You’d think that with the name scratch, people wouldn’t expect it to be around for a long time


There is a server run by the Windows team called scratch. Its purpose is to act as a file server for storing files temporarily. For example, if you want to send somebody a crash dump, you can copy it to the scratch server and send the person a link. The file server is never backed up and is not designed to be used as a permanent solution for anything.

The Windows team likes to use the server to test various file server features. For example, the scratch server uses hierarchical storage management and migrates files to tape relatively aggressively, so that the HSM development team can get real-world usage of their feature.

The file system team will occasionally wipe the hard drives on the server and reformat them with a new version of NTFS, so that they can put the new file system driver through its paces in a situation where it is under heavy load.

When these sort of "mass extinction events" takes place, you can count on somebody sending out email saying, "Hey, what happened to the sprocket degreaser? It was on \\scratch\temp\sprocket_degreaser, but now I can't find it. I have an automated test that relies on the sprocket degreaser as well as some data files on \\scratch\temp\foobar_test_data, and they're all gone!"

Um, that's a scratch machine. Why would you put important stuff on it?

"Um, well..." (scratches forehead)

Okay, well before we reformatted the hard drive, we copied the data to \\scratch2\save, so try looking there. But remember, the scratch server is for temporary file storage and comes with no service level agreement.

"Oh, phew, thanks."

You'd think that with the name scratch, people wouldn't expect it to be around for a long time. Maybe they could call it can_be_reformatted_at_any_time.

[Raymond is currently on his way to sunny Hawaii; this message was pre-recorded. Mahalo.]

Comments (61)
  1. Nathan_works says:

    Hope the trip is fun, hike a volcano or learn to surf..

  2. henke37 says:

    Sounds like these are the same kind of people who stores their documents in the bitbucket.

  3. Nick says:

    When I saw the title I thought it was about the scratch program.

  4. Adam Rosenfield says:

    @Nick: Same here.  But good ol' scratchy's still kicking around after over 6 years! blogs.msdn.com/…/410773.aspx

  5. Joshua Ganes says:

    This reminds me of a place I used to work. One department started saving all their files to the "backup" folder. It seems they wanted to make sure the files would be backed up.

  6. Bryan says:

    We have a scratch server that suffers from the problem that it gets non-periodically deleted with no warning. More than a few times I've seen situations where someone puts up a file on scratch and leaves for the night after sending an e-mail to say something is on your scratch and arrives the next morning to find it was deleted a mere hour later.

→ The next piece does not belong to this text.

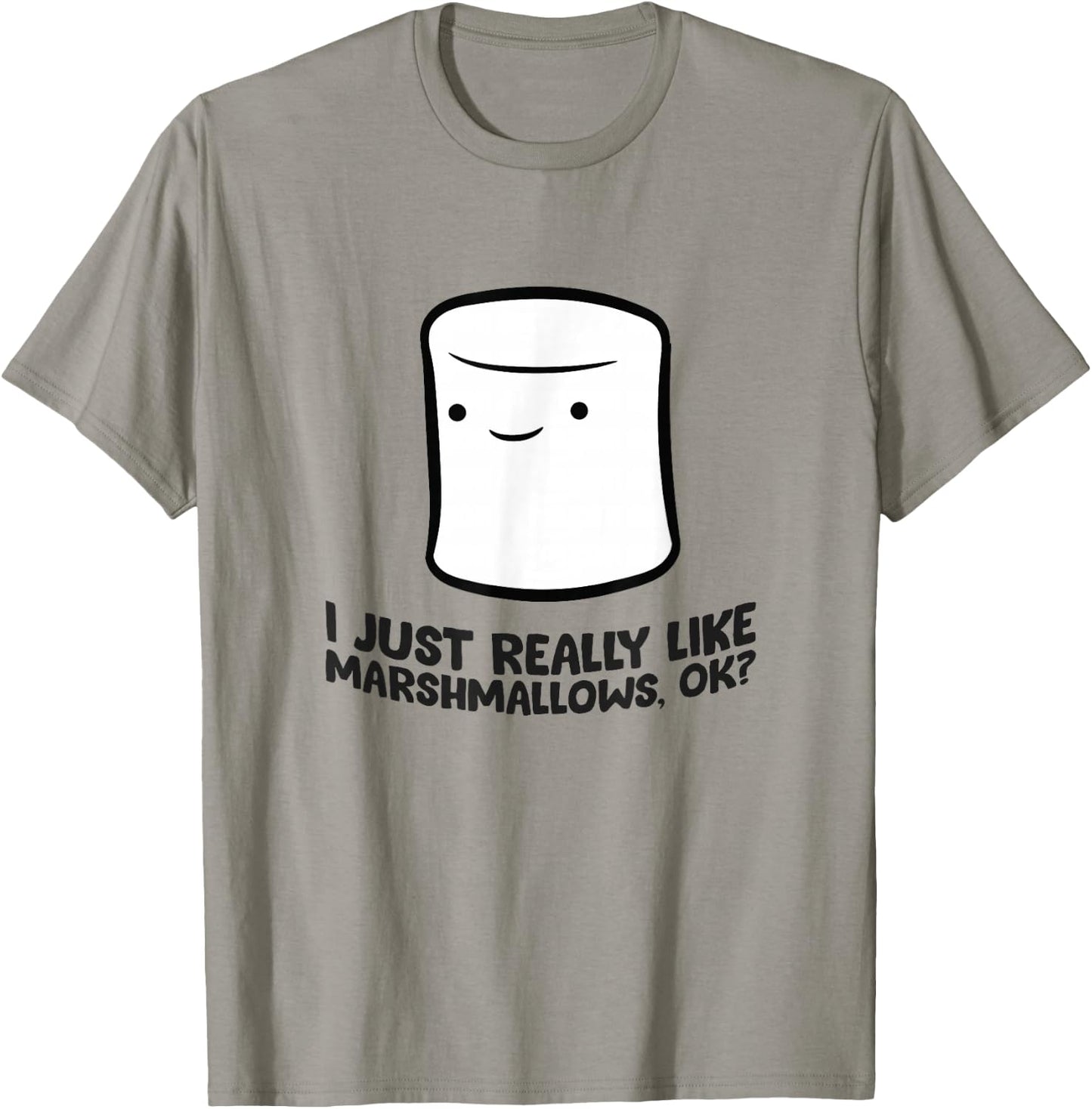 I Just Really Like Marshmallows, Ok Love Marshmallows T-Shirt - T-Shirt | Sand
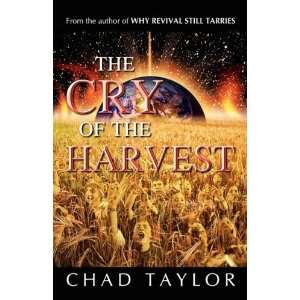  The Cry of the Harvest [Paperback]: Chad Taylor: Books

  7. Simon Farnsworth says:

    The trouble is that it doesn't matter what your rules are – someone will get annoyed when the scratch server loses things.

    I worked somewhere where the rules were simple:

    1. Anything created more than 90 days ago will be deleted.
    2. Anything not accessed in the last 30 days will be deleted.

    3. If the scratch server has less than 1GB space free, the oldest file will be deleted to make room. This will be repeated until the scratch server has at least 5GB free.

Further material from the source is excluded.